From 1978 - 1980 she served as the president of American Quaternary Association.[10] Davis also served as the president of the Ecological Society of America from 1987 to 1988. In 1982, she became the first woman from the University of Minnesota to be elected to the National Academy of Sciences.[18] She became a fellow of the American Academy of Arts and Sciences in 1991.[12] In 1993, she became the 6th recipient of the Nevada Medal, awarded by the Desert Research Institute.[19] That same year she became the 3rd woman to receive the Eminent Ecologist Award from the Ecological Society of America.[20] In 2009, she became an honoree of National Women's History Month.[21]

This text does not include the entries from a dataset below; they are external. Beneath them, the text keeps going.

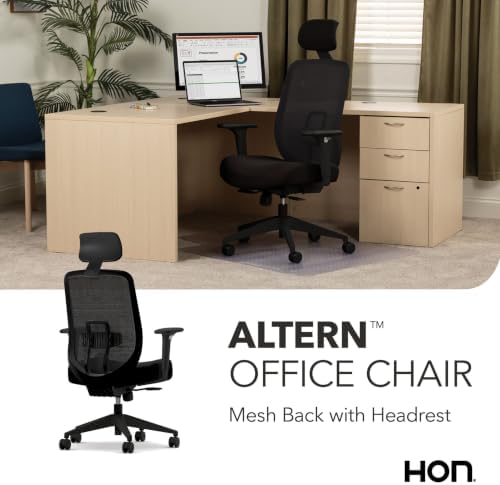 HON Altern Ergonomic Office Chair, Office Desk Computer Chair, Black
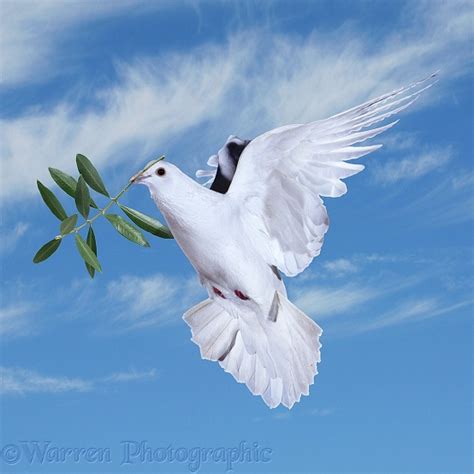 Peace Dove With Olive Branch Photo Wp21517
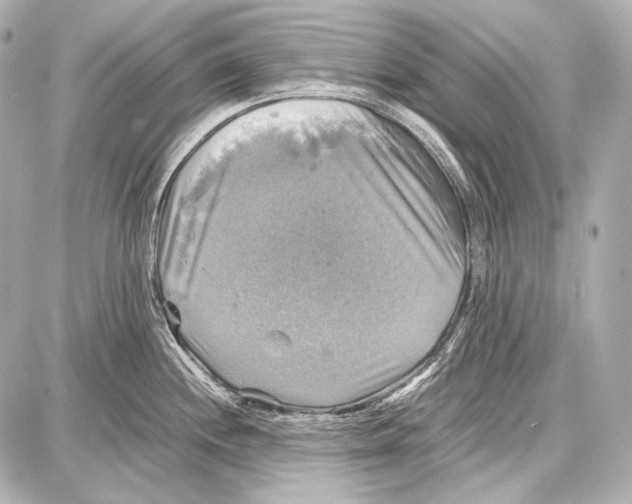 X0000087011244200705141823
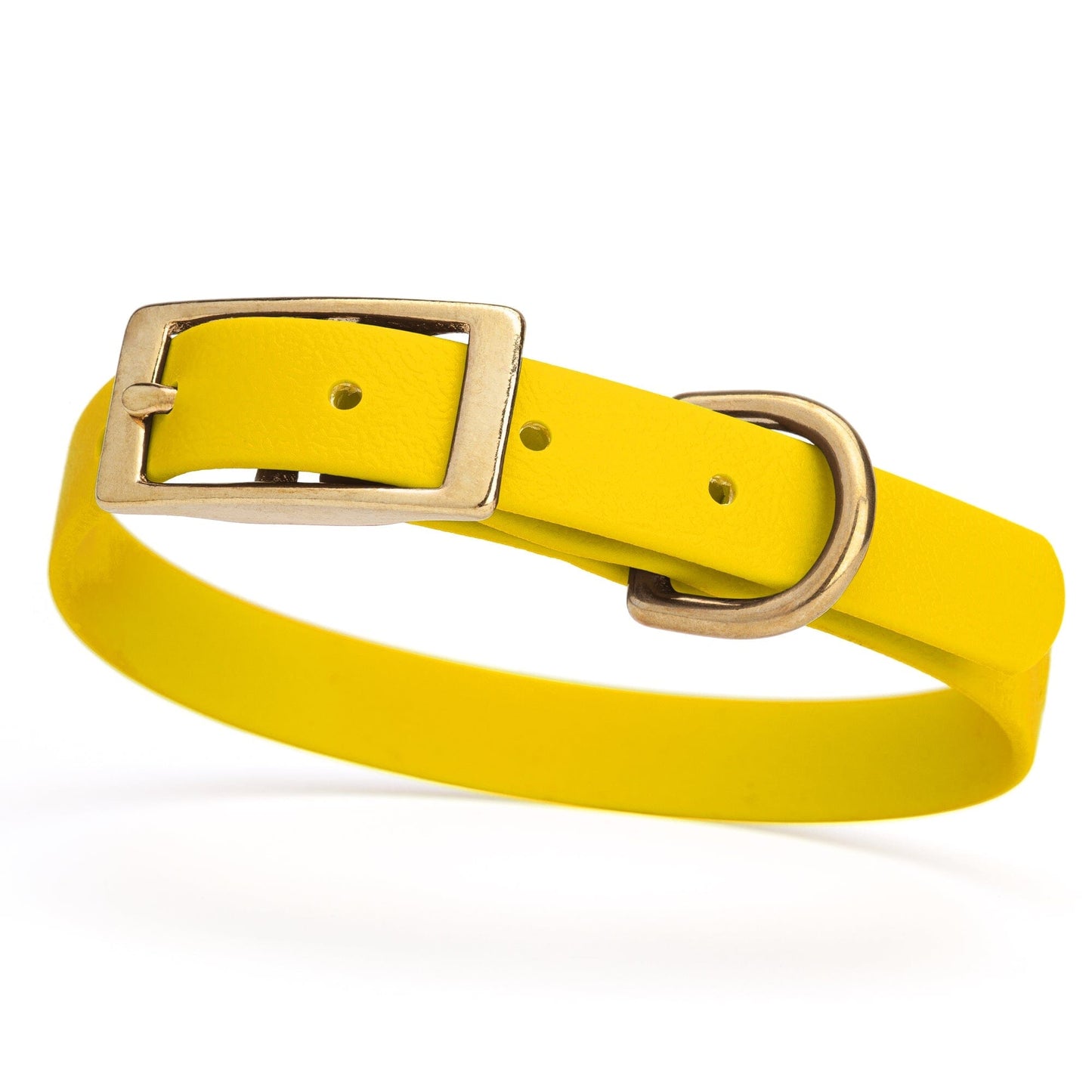Viper Biothane Waterproof Dog Collar - Brass Hardware - Size S (12 to 15 inches)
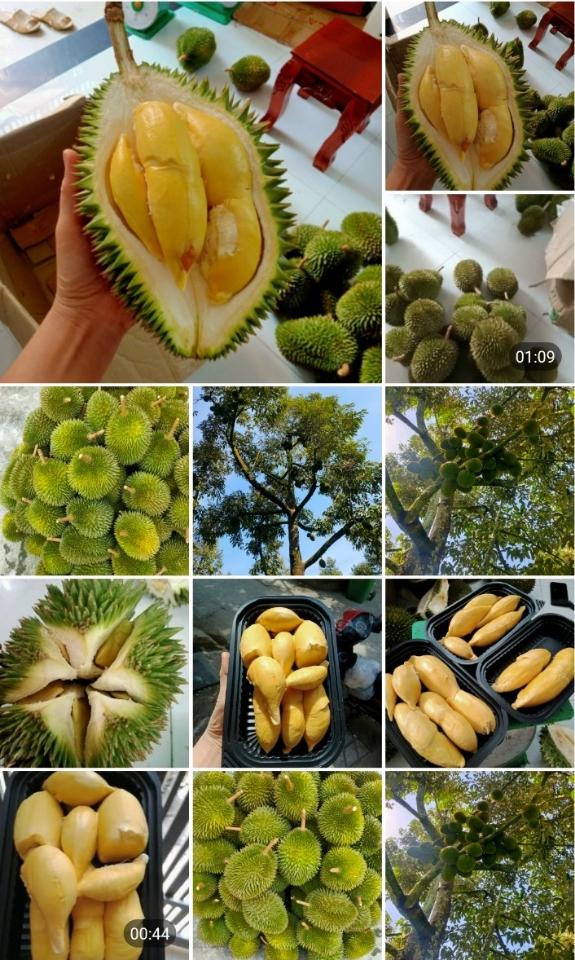 Sầu riêng 6 hữu 1kg-duoc-ban-tai-Nhà Tôi (Thiên Thần shop)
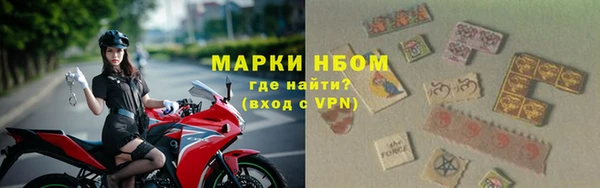 стаф Беломорск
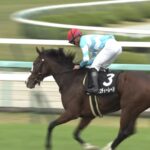 【競馬】メロディーレーンが2024年も現役続行！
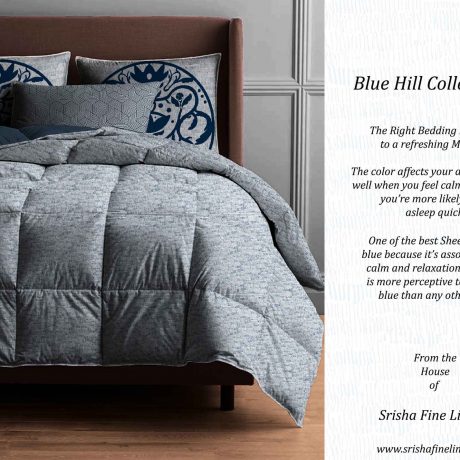 Blue Hill Collections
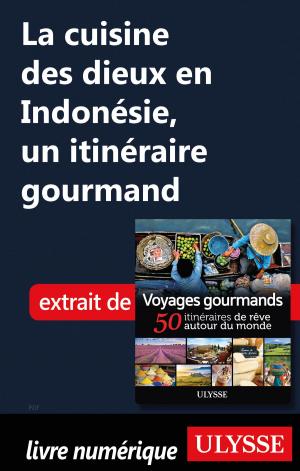 Book cover of La cuisine des dieux en Indonésie, un itinéraire gourmand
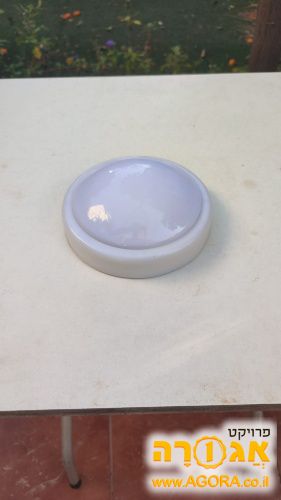 נורת שולחן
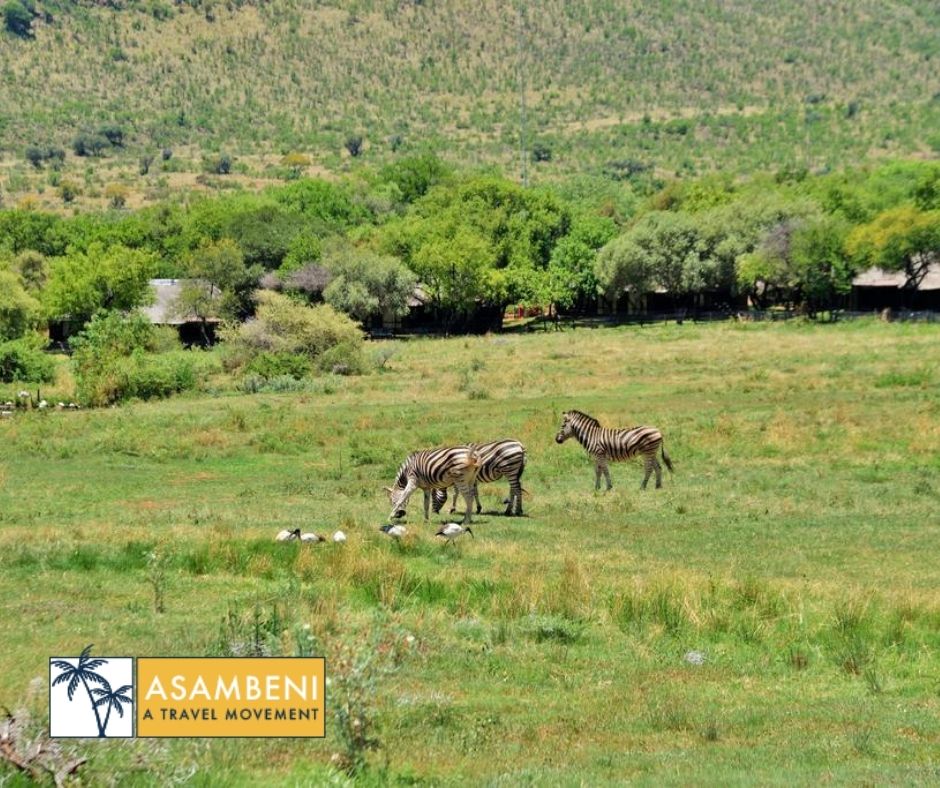 Bakubung Bush Lodge - Accommodation images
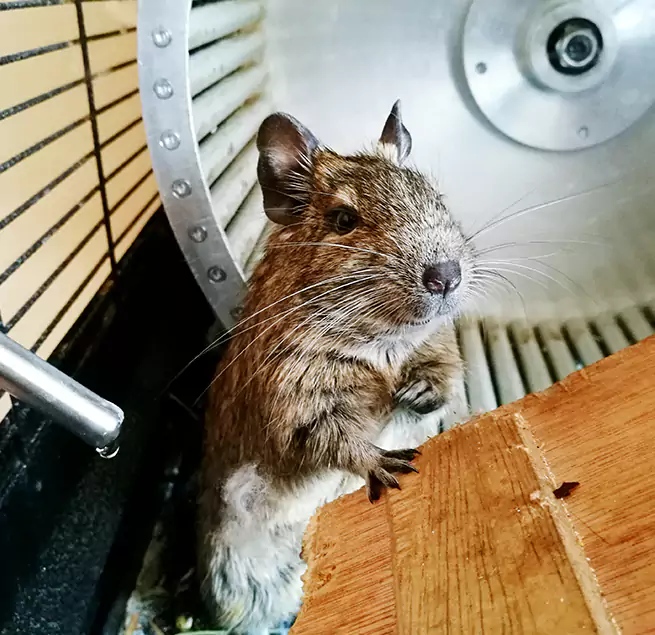 Why Homeowners & Businesses Trust Us DeKalb, IL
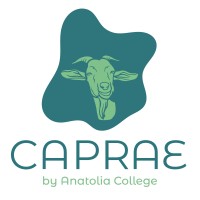 Caprae - CanSat & Rocketry logo - Similar company to Treasure Earth Prize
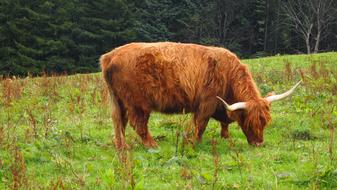 Cow Scotland Animal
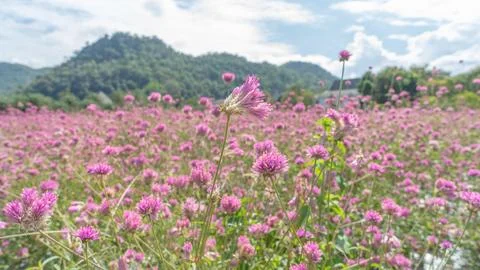 528 flower Stock Photos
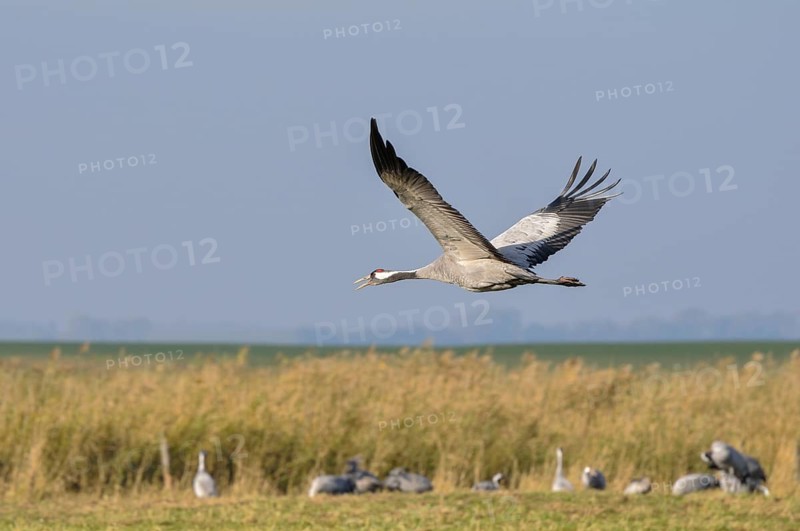 Common Crane (Grus grus) in flight over a meadow shouting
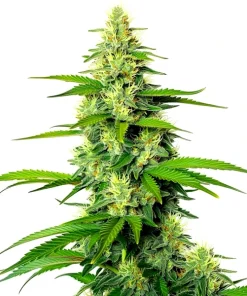 White Widow x California Snow Auto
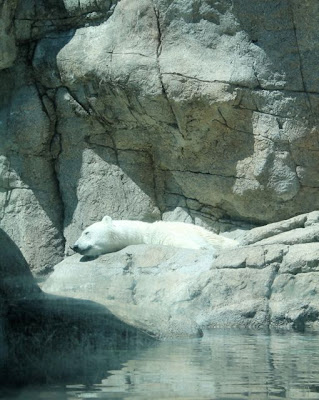 Hot polar bear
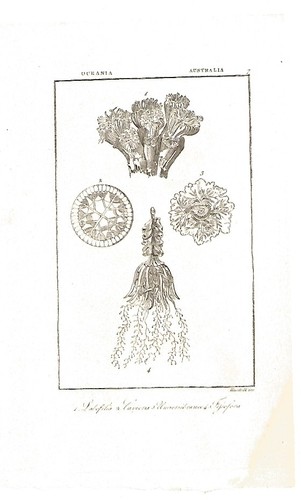 Australia 1820 benedetto - australia, 1820,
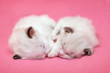 two sleeping ragdoll kitties on furry pink background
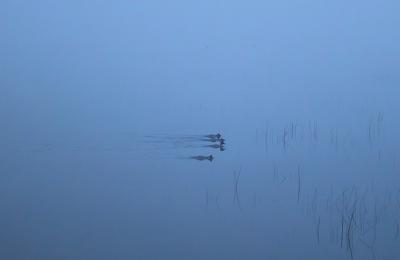 Ducks on the glide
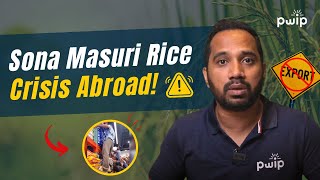 Discover the Truth Behind the Sona Masuri Rice Export Ban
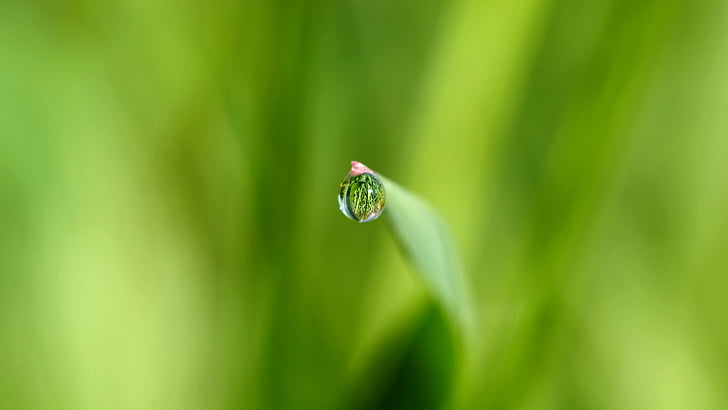 shallow photography of water drop
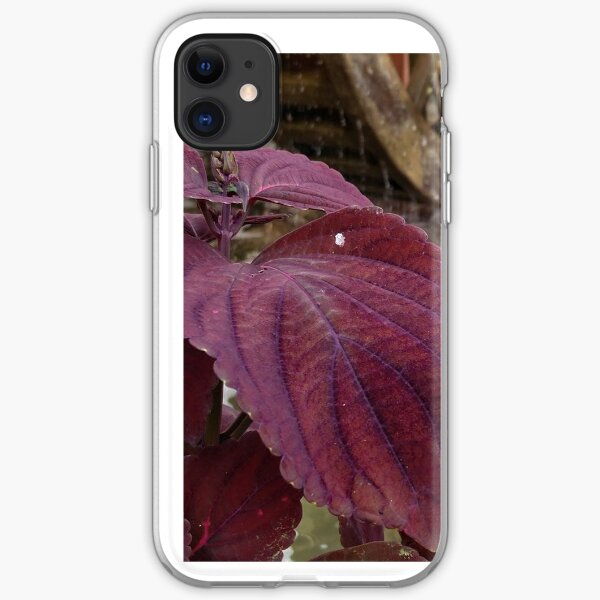 Purple Flower By Water Wheel iPhone Soft Case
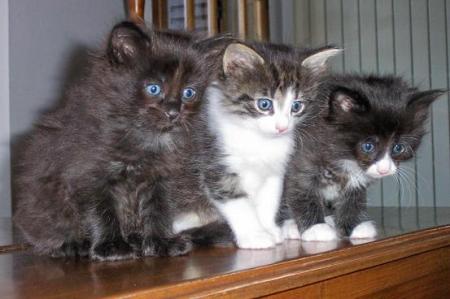 CHAT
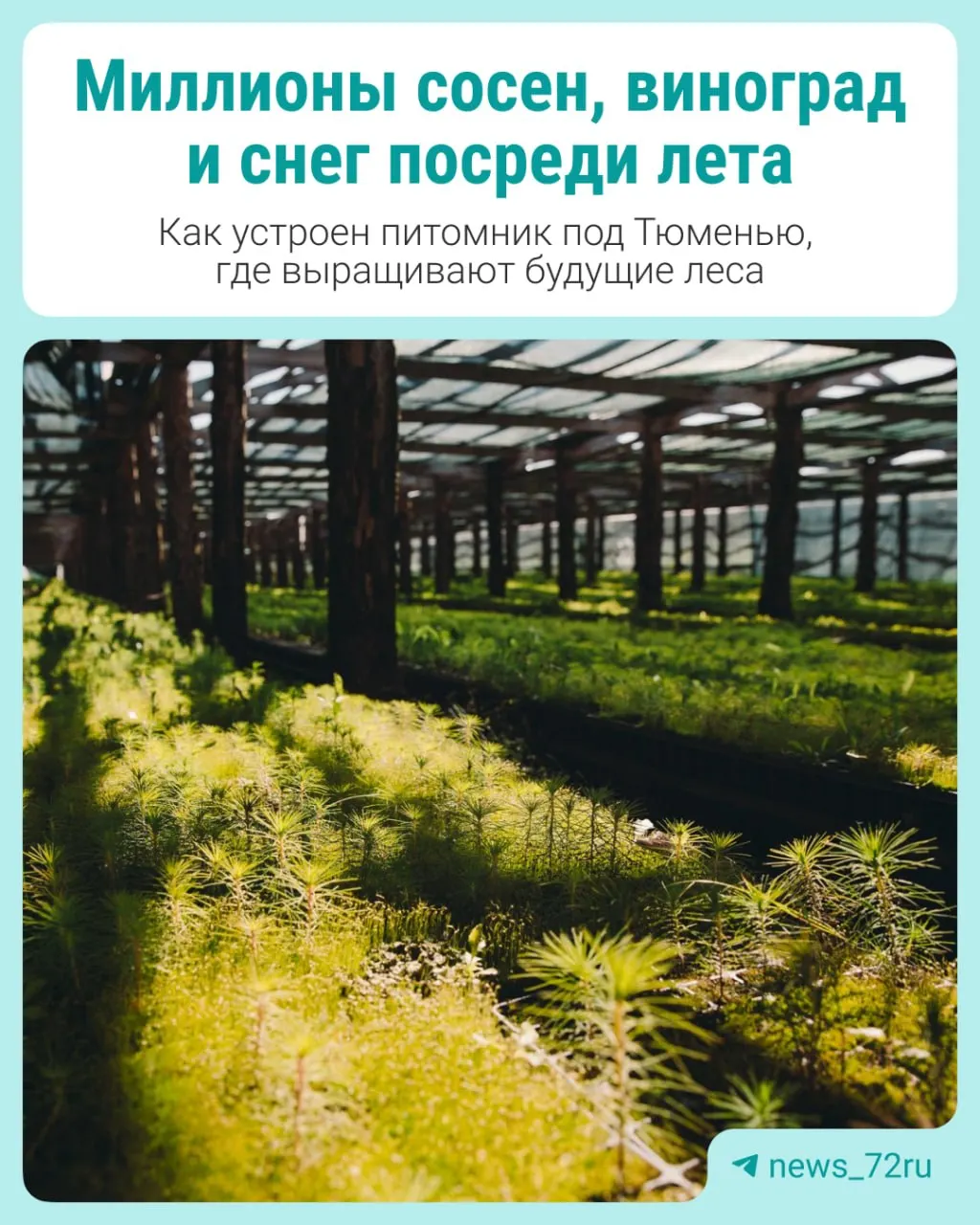 В Заводоуковском округе питомник выращивает миллионы сеянцев сосен и елей, рядом тянутся виноградники и плодовые деревья — репортаж о старте нового лесного проекта.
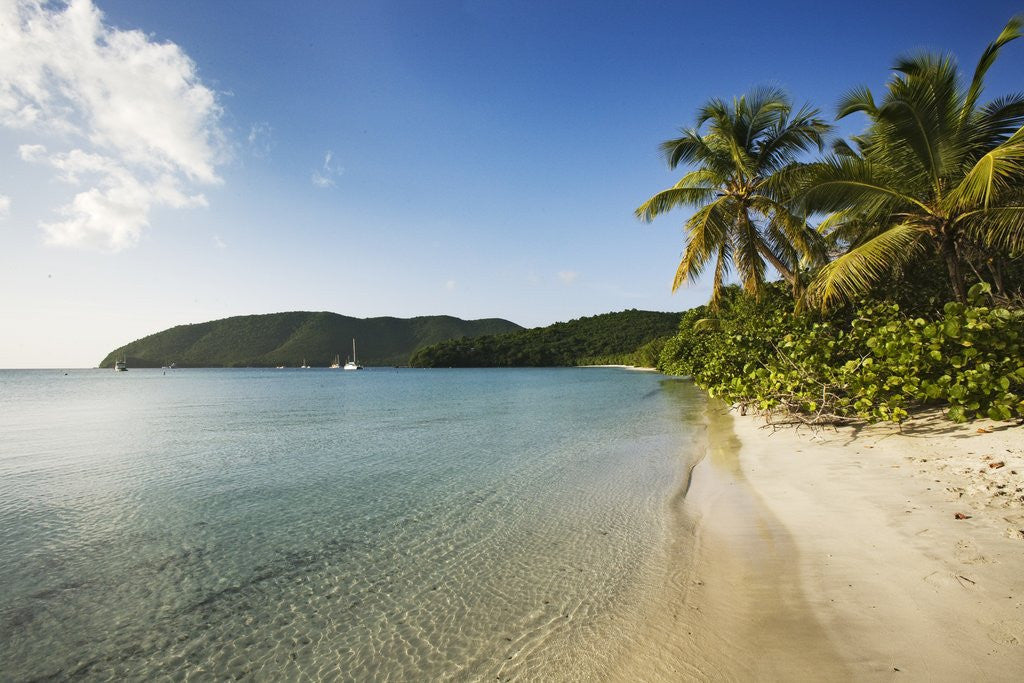 Detail of Maho Bay Beach by Anonymous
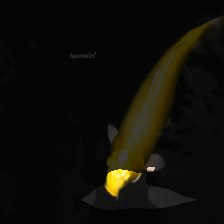 6-569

In 2011, she received a William S. Cooper Award from the Ecological Society of America.[22] In 2012, she was elected Fellow of the Ecological Society of America.[23] She was a member of the International Association for Vegetation Science[24] and a Honorary Member of the British Ecological Society.[25]
She received an honorary doctorate from the College of Biological Sciences of the University of Minnesota in 2012.[26] Margaret passed away after a long illness in Colorado on May 22, 2024 at the age of 92.